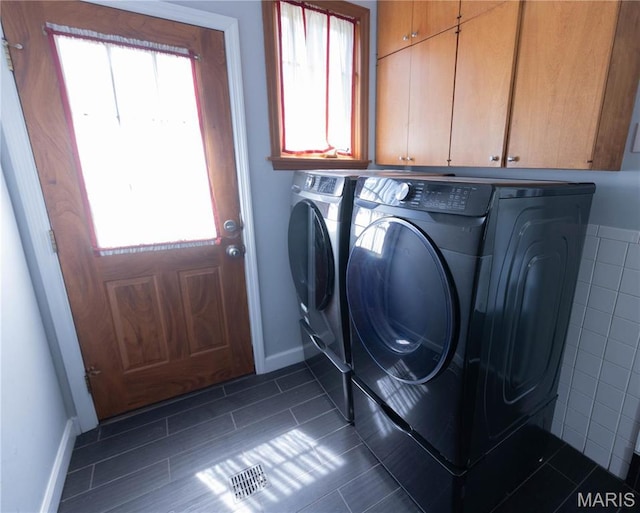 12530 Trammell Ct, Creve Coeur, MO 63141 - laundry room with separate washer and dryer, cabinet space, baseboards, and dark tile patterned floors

***

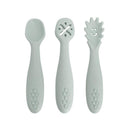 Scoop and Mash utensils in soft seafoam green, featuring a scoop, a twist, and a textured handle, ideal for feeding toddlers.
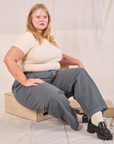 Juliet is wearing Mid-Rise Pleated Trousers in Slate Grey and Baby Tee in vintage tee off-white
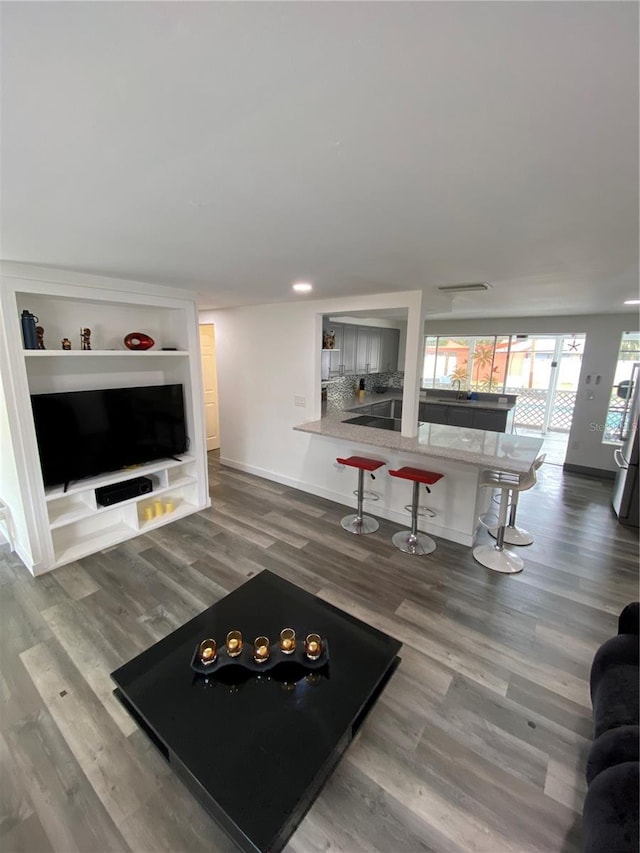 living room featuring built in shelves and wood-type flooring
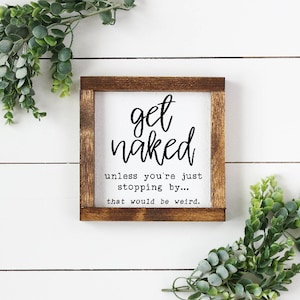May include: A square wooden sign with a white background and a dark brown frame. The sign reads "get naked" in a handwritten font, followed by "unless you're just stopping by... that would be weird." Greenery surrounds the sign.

***

▶ _ACTIVITY_
Please transcribe exactly the part of the records that opens with the line containing "Scoop and Mash" and closes with the line containing "May include: A", both ends included, and leave out the pictures.

▶ _SOLUTION TO THIS TASK_
 Scoop and Mash utensils in soft seafoam green, featuring a scoop, a twist, and a textured handle, ideal for feeding toddlers.
 Juliet is wearing Mid-Rise Pleated Trousers in Slate Grey and Baby Tee in vintage tee off-white
 living room featuring built in shelves and wood-type flooring
May include: A square wooden sign with a white background and a dark brown frame. The sign reads "get naked" in a handwritten font, followed by "unless you're just stopping by... that would be weird." Greenery surrounds the sign.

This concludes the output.